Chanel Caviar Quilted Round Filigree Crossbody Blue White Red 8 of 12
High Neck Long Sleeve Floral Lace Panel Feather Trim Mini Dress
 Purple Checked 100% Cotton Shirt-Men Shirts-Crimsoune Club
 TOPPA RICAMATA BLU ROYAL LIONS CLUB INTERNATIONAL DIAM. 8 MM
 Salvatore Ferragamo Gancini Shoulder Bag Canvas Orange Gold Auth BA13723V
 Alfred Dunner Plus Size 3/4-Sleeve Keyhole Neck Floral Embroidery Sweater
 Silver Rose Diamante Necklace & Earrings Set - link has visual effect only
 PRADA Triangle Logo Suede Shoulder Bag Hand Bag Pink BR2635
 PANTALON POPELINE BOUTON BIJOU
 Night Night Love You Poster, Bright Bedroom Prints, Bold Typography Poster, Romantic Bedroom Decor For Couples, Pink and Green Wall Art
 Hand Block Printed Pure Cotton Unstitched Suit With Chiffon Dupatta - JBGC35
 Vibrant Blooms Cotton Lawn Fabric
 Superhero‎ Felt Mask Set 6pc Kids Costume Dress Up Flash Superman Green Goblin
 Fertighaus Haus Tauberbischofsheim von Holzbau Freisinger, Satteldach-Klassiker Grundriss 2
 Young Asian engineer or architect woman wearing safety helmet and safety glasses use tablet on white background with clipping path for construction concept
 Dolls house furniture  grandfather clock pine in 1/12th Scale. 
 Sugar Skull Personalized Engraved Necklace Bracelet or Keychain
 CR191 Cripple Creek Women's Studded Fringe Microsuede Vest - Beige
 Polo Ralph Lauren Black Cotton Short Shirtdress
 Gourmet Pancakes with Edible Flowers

# # # #

* _ASSIGNMENT_: Reproduce the listing verbatim.

* _WRITTEN RESPONSE_:
Chanel Caviar Quilted Round Filigree Crossbody Blue White Red 8 of 12
High Neck Long Sleeve Floral Lace Panel Feather Trim Mini Dress
 Purple Checked 100% Cotton Shirt-Men Shirts-Crimsoune Club
 TOPPA RICAMATA BLU ROYAL LIONS CLUB INTERNATIONAL DIAM. 8 MM
 Salvatore Ferragamo Gancini Shoulder Bag Canvas Orange Gold Auth BA13723V
 Alfred Dunner Plus Size 3/4-Sleeve Keyhole Neck Floral Embroidery Sweater
 Silver Rose Diamante Necklace & Earrings Set - link has visual effect only
 PRADA Triangle Logo Suede Shoulder Bag Hand Bag Pink BR2635
 PANTALON POPELINE BOUTON BIJOU
 Night Night Love You Poster, Bright Bedroom Prints, Bold Typography Poster, Romantic Bedroom Decor For Couples, Pink and Green Wall Art
 Hand Block Printed Pure Cotton Unstitched Suit With Chiffon Dupatta - JBGC35
 Vibrant Blooms Cotton Lawn Fabric
 Superhero‎ Felt Mask Set 6pc Kids Costume Dress Up Flash Superman Green Goblin
 Fertighaus Haus Tauberbischofsheim von Holzbau Freisinger, Satteldach-Klassiker Grundriss 2
 Young Asian engineer or architect woman wearing safety helmet and safety glasses use tablet on white background with clipping path for construction concept
 Dolls house furniture  grandfather clock pine in 1/12th Scale. 
 Sugar Skull Personalized Engraved Necklace Bracelet or Keychain
 CR191 Cripple Creek Women's Studded Fringe Microsuede Vest - Beige
 Polo Ralph Lauren Black Cotton Short Shirtdress
 Gourmet Pancakes with Edible Flowers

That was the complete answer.